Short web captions
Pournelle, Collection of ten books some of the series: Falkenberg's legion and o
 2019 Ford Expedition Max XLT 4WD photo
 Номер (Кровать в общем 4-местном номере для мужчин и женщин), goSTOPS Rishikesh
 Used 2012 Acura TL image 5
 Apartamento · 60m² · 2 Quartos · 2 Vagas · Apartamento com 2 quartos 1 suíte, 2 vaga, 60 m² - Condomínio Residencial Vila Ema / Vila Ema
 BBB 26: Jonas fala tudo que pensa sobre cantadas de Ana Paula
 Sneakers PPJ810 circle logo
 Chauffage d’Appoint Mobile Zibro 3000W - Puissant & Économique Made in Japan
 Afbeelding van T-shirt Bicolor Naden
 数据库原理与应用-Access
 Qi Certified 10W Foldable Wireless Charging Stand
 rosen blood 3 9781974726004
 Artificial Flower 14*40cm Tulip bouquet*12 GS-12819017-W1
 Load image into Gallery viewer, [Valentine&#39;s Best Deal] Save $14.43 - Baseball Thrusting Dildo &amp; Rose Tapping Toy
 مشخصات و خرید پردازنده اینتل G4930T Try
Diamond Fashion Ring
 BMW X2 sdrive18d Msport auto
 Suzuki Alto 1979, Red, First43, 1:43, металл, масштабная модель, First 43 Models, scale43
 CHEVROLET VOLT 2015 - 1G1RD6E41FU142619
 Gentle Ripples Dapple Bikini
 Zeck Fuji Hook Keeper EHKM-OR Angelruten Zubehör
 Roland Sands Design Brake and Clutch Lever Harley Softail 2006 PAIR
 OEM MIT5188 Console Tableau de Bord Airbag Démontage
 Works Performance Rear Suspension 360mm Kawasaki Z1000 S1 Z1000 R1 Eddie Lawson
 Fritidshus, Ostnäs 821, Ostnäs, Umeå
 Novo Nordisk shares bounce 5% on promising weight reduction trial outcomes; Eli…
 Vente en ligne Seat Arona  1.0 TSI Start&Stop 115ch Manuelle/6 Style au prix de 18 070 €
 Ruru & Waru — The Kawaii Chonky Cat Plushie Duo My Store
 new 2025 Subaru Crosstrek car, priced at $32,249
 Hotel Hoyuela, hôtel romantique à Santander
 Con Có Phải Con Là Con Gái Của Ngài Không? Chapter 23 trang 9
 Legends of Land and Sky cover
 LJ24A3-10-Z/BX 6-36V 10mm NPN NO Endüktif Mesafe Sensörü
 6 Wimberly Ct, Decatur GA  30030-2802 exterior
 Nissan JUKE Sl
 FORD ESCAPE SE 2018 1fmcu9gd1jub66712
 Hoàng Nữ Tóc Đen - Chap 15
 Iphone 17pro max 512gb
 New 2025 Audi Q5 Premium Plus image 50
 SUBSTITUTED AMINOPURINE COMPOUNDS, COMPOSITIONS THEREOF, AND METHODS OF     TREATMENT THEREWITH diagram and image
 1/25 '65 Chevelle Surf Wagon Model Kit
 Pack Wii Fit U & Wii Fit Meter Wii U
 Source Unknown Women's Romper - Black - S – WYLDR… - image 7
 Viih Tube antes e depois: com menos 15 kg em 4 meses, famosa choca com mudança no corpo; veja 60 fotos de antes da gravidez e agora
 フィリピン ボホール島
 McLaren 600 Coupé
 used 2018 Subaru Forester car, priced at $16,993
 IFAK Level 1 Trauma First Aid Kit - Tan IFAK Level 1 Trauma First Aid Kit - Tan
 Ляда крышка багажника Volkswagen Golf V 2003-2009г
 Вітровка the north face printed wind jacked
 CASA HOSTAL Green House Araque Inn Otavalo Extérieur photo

__Work request__:
Copy the records above exactly, beginning at the line that contains "Iphone 17pro max 512gb" and stopping after the line that contains "フィリピン ボホール島".

__Reply to the exercise__:
 Iphone 17pro max 512gb
 New 2025 Audi Q5 Premium Plus image 50
 SUBSTITUTED AMINOPURINE COMPOUNDS, COMPOSITIONS THEREOF, AND METHODS OF     TREATMENT THEREWITH diagram and image
 1/25 '65 Chevelle Surf Wagon Model Kit
 Pack Wii Fit U & Wii Fit Meter Wii U
 Source Unknown Women's Romper - Black - S – WYLDR… - image 7
 Viih Tube antes e depois: com menos 15 kg em 4 meses, famosa choca com mudança no corpo; veja 60 fotos de antes da gravidez e agora
 フィリピン ボホール島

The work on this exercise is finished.